In the letter, Dr McMullin said she found the situation abhorrent and wanted to protect the trainees. She asked for advice about how the problem should be tackled.

But Dr McMullin, who shot to prominence earlier this year when she commented on sexual harassment in surgery, said the college was not interested in investigating the allegations.

While her letter was acknowledged with a written response about the college’s policies and a phone call, she said nobody asked her who the alleged perpetrators were or for more information from the trainees.

“They did not want to know,” she said. “You might think someone would phone me and say, ‘Oh my goodness, this is a terrible situation. Would you like to come and talk to us about it in confidence?’ I was just a bad smell and they just wanted me to go away.”

In March, Dr McMullin warned that sexism was so rife among surgeons, and complaint mechanisms were so weak, that it was safer for women, in terms of their careers, to give in to sexual advances from superiors rather than to refuse them or complain.

The president of the college at the time, Professor Michael Grigg, slammed her comments as “appalling” and said victims should be reporting harassment. At the time, a college spokesman also said: “The college actively encourages trainees and fellows to come forward in confidence with any such allegations, which will be thoroughly investigated.”

Documents show that in 2008, the college’s chief executive, David Hillis, wrote to the executive committee describing Dr McMullin’s claims as “deeply disturbing”, and he said college fellows had been involved in “a number of events where professional (including educational) and personal activities have become significantly blurred”.

Dr Hillis sought legal advice from Michael Gorton, a lawyer who was also then chairman of the Victorian Equal Opportunities and Human Rights Commission.

In a letter to the committee, Mr Gorton said the claims “cannot be lightly ignored” and warned the college it could face legal action.

“The college is on notice of its potential risk in relation to discrimination, harassment and bullying issues,” he said.

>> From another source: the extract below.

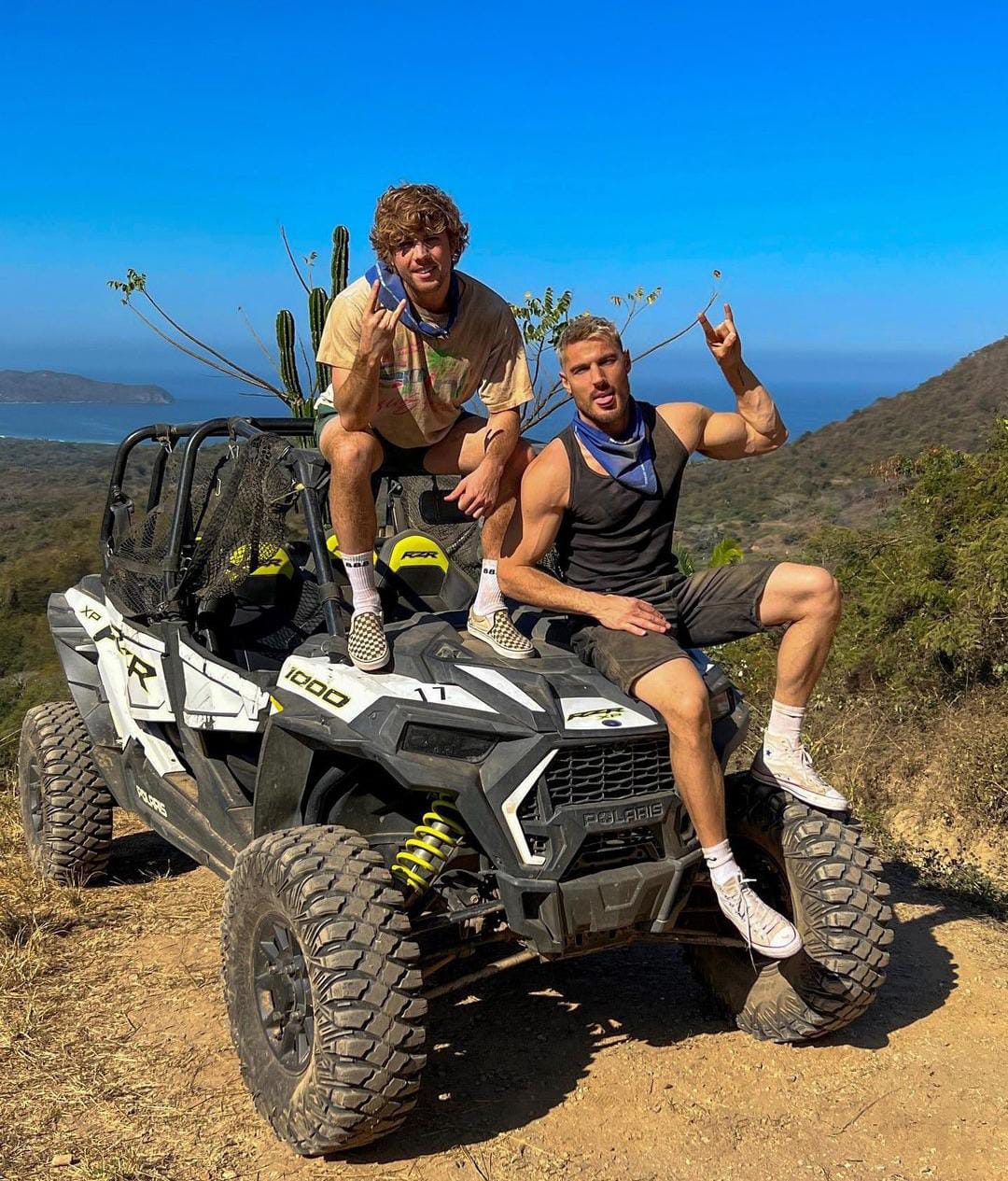 Lukas Gage junto a Chris Appleton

“Whilst obviously primary responsibility for these issues remains at the employer level (hospitals and others), there remains exposure for the college. Supervisors of training could be seen as agents of the college, for which the college will have vicarious liability.”

Mr Gorton recommended better policies, education, promotion of messages against harassment, a survey to determine the extent of it, and a mentoring program to help victims.

However, it is unclear what, if anything, the college did in response to this advice at the time. When asked this week why it did not seek further information from Dr McMullin about the perpetrators or victims, the college’s current president, Professor David Watters, did not comment.

Instead, he issued a written statement saying the college could improve its management of complaints and would release an action plan in November for tackling bullying, harassment and discrimination. This follows a report commissioned by the college this year which found half of all surgeons had been victims of the cultural problems.

“We have already made significant changes to our complaints management process, especially around the establishment of a RACS Complaints Hotline and RACS Support Program,” Professor Watters said.

Both the hotline and support program were created this year — seven years after Mr Gorton’s recommendations.